◆ **EXERCISE DATA**:
== == ==
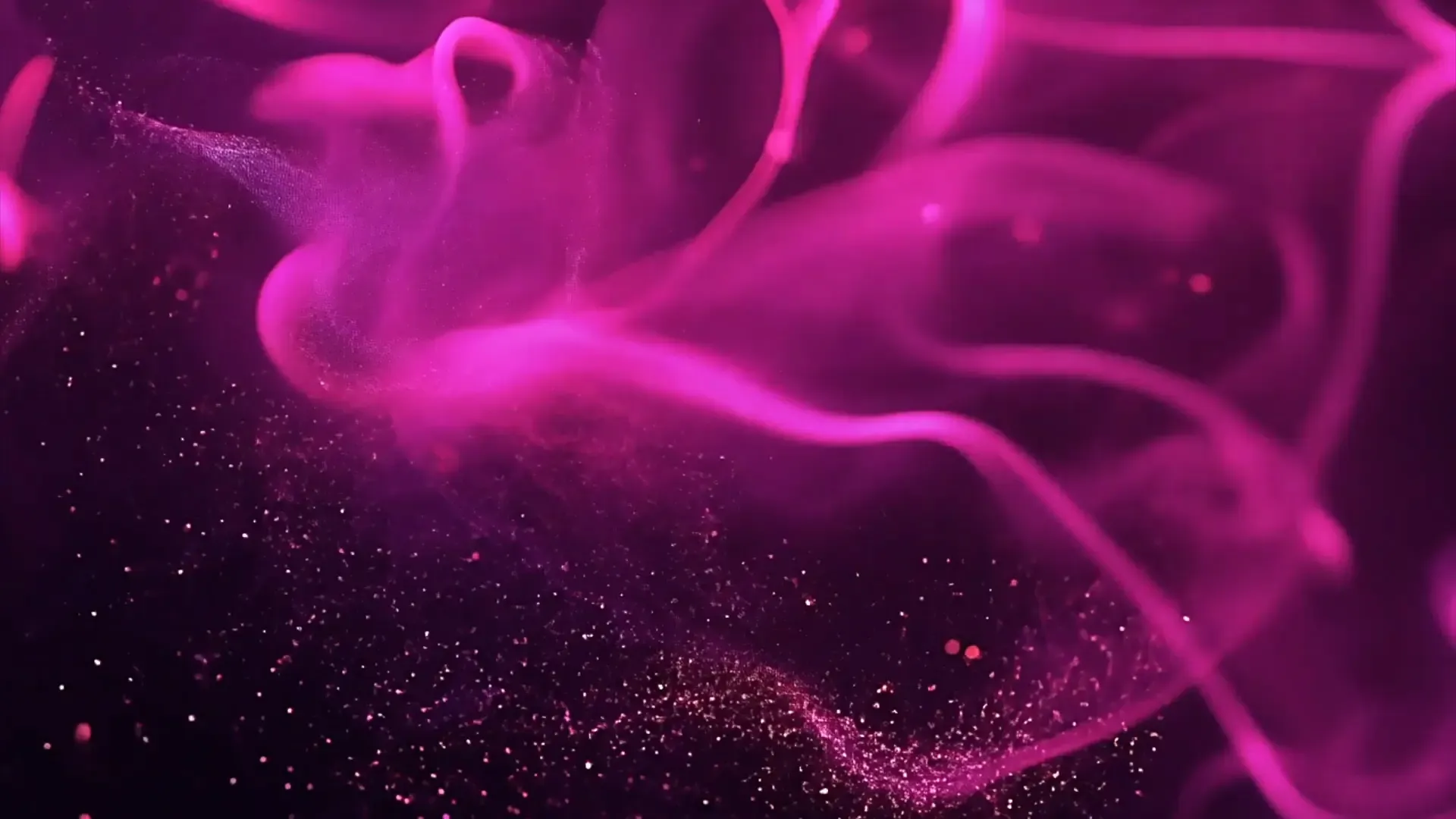 Abstract Pink Energy Flow Overlay for Futuristic Music Videos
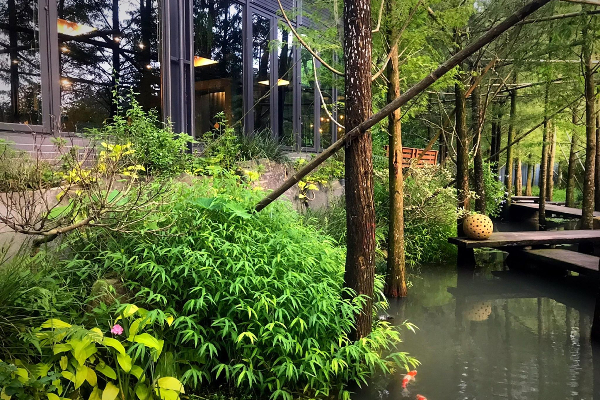 夢幻落雨松木棧道！自然系山林美拍餐廳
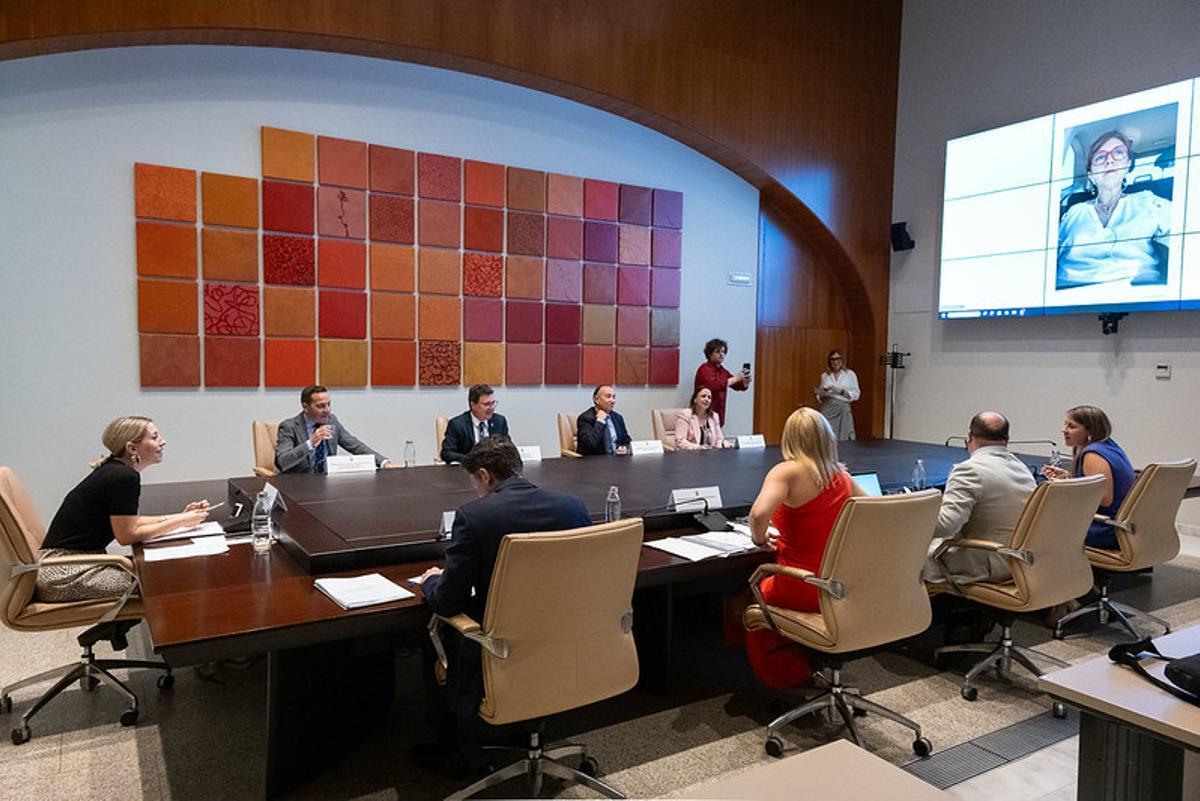 Reunión del Consejo de Gobierno celebrada en Mérida.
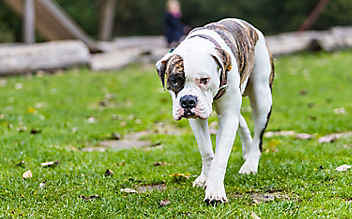 Ehepaar von Hunden attackiert - (c) Bild: Utrecht, Robin / Action Press / picturedesk.com Ehepaar von Hunden attackiert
== == ==
◆ **DIRECTIONS**: Your copy should match the data above exactly, apart from the pictures.

◆ **SOLVED PROBLEM**:
 Abstract Pink Energy Flow Overlay for Futuristic Music Videos
 夢幻落雨松木棧道！自然系山林美拍餐廳
 Reunión del Consejo de Gobierno celebrada en Mérida.
 Ehepaar von Hunden attackiert - (c) Bild: Utrecht, Robin / Action Press / picturedesk.com Ehepaar von Hunden attackiert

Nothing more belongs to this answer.